Mittwoch, 26. März 2014

Befindlichkeiten

Ich weiß nicht, liegt es an sprachlichen Feinheiten die im Griechischen nicht vorhanden sind oder schlichtweg daran, was nicht sein darf, nicht sein kann. Es geht um die Empfindung des Wetters, der Temperatur und wie dies sprachlich ausgedrückt wird.

Wir leben hier auf der Sonneninsel. So wird sie verkauft und so sehen sie auch die Griechen. Somit kann es selbst in den kälteren Monaten nie kalt sein. So heißt es.
Nehmen wir mal an, es ist Januar, die Sonne scheint, in der Nacht hat es 6 Grad, am Tag 12 Grad. Ich sage, es ist kalt. Der Grieche sagt, nein nicht kalt nur feucht (υγρασία). Aha? Warum steht mein Freund dann in Daunenjacke, 3 Lagen Klamotten darunter und Winterstiefeln vor mir? Und warum erzählt er mir etwas von υγρασία, wenn mein Hygrometer nur 40 % Luftfeuchtigkeit anzeigt? Und seit wann gefriert, wie im Januar auf unserer Straße geschehen, Wasser durch Luftfeuchtigkeit? 

Redet man über Kälte - Entschuldigung, gibt es ja nicht -, sind gute Ratschläge zum Heizverhalten nicht weit. “Brauchst du nicht den ganzen Tag heizen, abends 1 – 2 Stunden ist genug”. Wie soll ich da ein Haus auf halbwegs angenehme 20 Grad bekommen?
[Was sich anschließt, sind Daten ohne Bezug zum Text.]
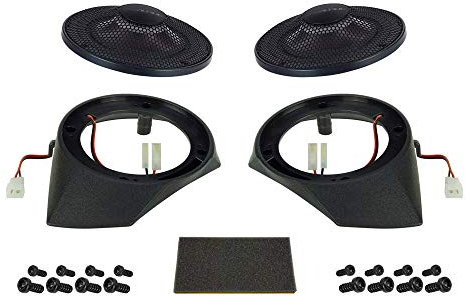 Alpine SPC-R100-DU Frontpanel Radial Lautsprecher f??r FIAT Ducato, 12 cm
Bei welcher Temperatur leben die Griechen eigentlich in ihren Häusern? Bei 12 – 15 Grad? Keiner versteht, dass wir nicht den ganzen Tag mit 3 Pullovern und 2 Paar Socken im Haus herumlaufen wollen und nicht - wie viele Griechen - den ganzen Winter mit Erkältungen kämpfen wollen.

Weiter spielt scheinbar das Datum dbzgl. eine große Rolle. Gestern hörte ich vom Nachbarn, “heute heize ich noch ein wenig ein, dann ist Schluss”. Hat es mit dem 25. März, dem Nationalfeiertag zu tun? Heizt man ab da nicht mehr? Letztendlich haben wir nachts derzeit nur an die 11 Grad. Da ist es ohne Heizung, speziell morgens und abends, ungemütlich.
Weil wir gerade beim Datum sind, Mitte September, wenn die Schule wieder beginnt, wird sich “καλό χειμώνα” (guten Winter) gewünscht. Bei vielleicht noch gut 30 Grad schon etwas seltsam. Ab diesem Zeitpunkt geht der Grieche am Wochenende auch traditionell nicht mehr mit der Familie in die Strandtaverne geschweige ins Wasser.

Umgekehrt, wenn mal ein paar wärmende Sonnenstrahlen da sind, kommt sofort “κάνει ζέστη” (es ist heiß). Da kann das Thermometer im Schatten noch 18 Grad anzeigen, es ist heiß. Vielleicht liegt es daran, dass man datumsbedingt an einem evtl. warmen Märztag noch nicht aus den Winterstiefeln und der Daunenjacke herausgekommen ist.
Wenn es dann wirklich heiß wird – po, po, po -, jammern über die Temperatur von morgens bis abends.

Genannte Empfindungen und den sprachlichen Umgang damit würde man eigentlich eher von den nicht gerade wärmeverwöhnten Mitteleuropäern erwarten. Umgekehrt ist es schon amüsant.